Did she get BoSe? A shot of BoSe will help that. Also time will help and you can tape them.


----------



## Shootingstars (Mar 8, 2011)

She did not get BoSe, I have to get that from my vet, correct?


----------



## ksalvagno (Mar 8, 2011)

Yes, BoSe is Rx.


----------



## Ariel301 (Mar 8, 2011)

I've never head of selenium deficiency affecting their ears. Does it? 

She sure is cute! If you want to fix the ears, I'd try splinting them with some cardboard and bandage tape.


----------



## Roll farms (Mar 8, 2011)

I don't blame you for keeping her, she's TOO cute!


----------



## elevan (Mar 8, 2011)

Ahh!  Adorable!


----------



## MsPony (Mar 8, 2011)

*carefully tucks kid into jacket and runs away while throwing banana chips at the chickens to keep them quiet*

I have no idea what goat you're talking about. 

CUTESTTHINGEVER.


----------



## Shootingstars (Mar 8, 2011)

Wow, thanks for all the compliments.  If all of you think she is that cute, I guess she is a keeper.  I am glad to hear that because I really want to keep her.


----------



## MsPony (Mar 8, 2011)

Lol if you were going to sell her I'd drive up to Idaho ASAP (when she's weaned) and buy her and let her live with my gelding. Soooo cute!


----------



## Shootingstars (Mar 8, 2011)

MsPony said:
			
		

> Lol if you were going to sell her I'd drive up to Idaho ASAP (when she's weaned) and buy her and let her live with my gelding. Soooo cute!


Now why would you come buy her when you already have her in your coat? LOL!


----------



## MsPony (Mar 8, 2011)

*sees a couple berries escape from under coat* 

Oh yeah!!


----------



## Shootingstars (Mar 8, 2011)

My husband just asked where you live and I told him I didn't know.  I also told him you were kidding! We can't believe how fast these babies are getting new homes.


----------



## MsPony (Mar 8, 2011)

I live two days drive from my MIL and she lives in Salmon, ID which is a stones throw from Bozeman, MT. 

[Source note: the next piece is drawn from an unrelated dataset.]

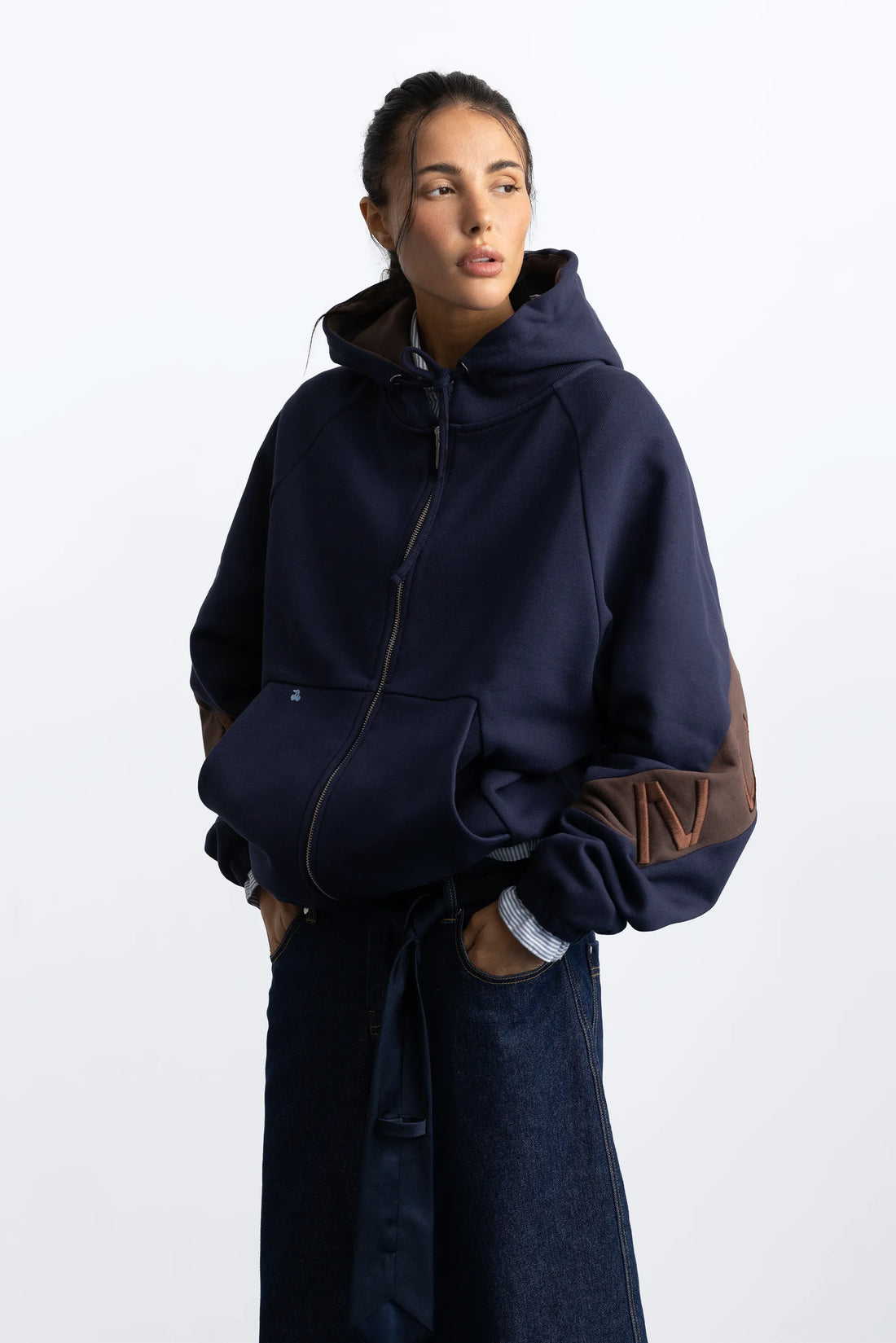United Zip-Up Hoodie Navy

I am joking, but can pretend for now


----------



## scrambledmess (Mar 8, 2011)

Our little mutt pygmy wether had a curled ear as a kid.  It finally straightened out when he was about a year old.  I didn't do anything with it, it just eventually worked its way out.

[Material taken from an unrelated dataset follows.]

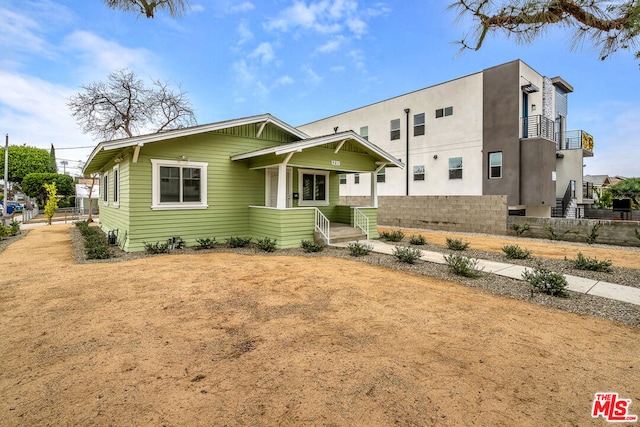 view of front of home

I do have to agree, she is the cutest kid I have ever seen!!!  Love her!!!


----------



## chandasue (Mar 9, 2011)

MsPony said:
			
		

> *carefully tucks kid into jacket and runs away while throwing banana chips at the chickens to keep them quiet*
> 
> I have no idea what goat you're talking about.
> 
> CUTESTTHINGEVER.


----------